What the task asks: From the entries below, please gather each line containing the string "modern".

Data extracts: Begin

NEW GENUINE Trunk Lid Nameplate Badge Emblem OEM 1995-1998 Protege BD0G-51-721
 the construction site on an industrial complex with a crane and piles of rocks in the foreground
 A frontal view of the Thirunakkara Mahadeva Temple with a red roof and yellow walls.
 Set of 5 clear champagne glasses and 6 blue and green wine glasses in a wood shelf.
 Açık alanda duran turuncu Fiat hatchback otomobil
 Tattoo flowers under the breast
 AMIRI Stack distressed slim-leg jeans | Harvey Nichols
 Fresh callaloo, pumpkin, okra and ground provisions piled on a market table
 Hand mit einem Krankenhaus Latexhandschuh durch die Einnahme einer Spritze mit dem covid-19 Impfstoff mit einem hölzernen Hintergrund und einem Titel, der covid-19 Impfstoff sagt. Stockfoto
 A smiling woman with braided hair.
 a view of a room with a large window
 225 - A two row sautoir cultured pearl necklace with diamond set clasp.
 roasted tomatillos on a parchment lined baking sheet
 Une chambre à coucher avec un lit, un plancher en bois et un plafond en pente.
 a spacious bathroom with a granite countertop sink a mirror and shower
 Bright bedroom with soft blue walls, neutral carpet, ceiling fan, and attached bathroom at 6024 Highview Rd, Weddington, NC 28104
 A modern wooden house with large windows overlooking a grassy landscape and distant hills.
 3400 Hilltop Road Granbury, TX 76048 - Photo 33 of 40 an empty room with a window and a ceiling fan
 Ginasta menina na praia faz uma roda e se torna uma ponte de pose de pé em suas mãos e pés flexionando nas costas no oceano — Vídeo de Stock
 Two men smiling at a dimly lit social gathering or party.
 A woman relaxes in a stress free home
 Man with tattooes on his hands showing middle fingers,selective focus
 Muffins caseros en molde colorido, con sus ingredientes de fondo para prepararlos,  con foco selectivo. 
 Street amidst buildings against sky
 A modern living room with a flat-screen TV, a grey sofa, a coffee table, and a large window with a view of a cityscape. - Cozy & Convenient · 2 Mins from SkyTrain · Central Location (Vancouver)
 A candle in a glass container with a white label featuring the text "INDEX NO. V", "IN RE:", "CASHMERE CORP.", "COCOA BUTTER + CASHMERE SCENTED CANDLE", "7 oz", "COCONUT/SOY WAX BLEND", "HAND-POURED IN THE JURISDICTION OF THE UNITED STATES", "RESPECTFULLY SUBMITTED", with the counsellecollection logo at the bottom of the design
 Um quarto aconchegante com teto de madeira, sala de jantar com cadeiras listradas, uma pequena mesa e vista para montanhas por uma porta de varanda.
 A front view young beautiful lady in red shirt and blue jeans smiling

Data extracts: End

Task answer:
 A modern wooden house with large windows overlooking a grassy landscape and distant hills.
 A modern living room with a flat-screen TV, a grey sofa, a coffee table, and a large window with a view of a cityscape. - Cozy & Convenient · 2 Mins from SkyTrain · Central Location (Vancouver)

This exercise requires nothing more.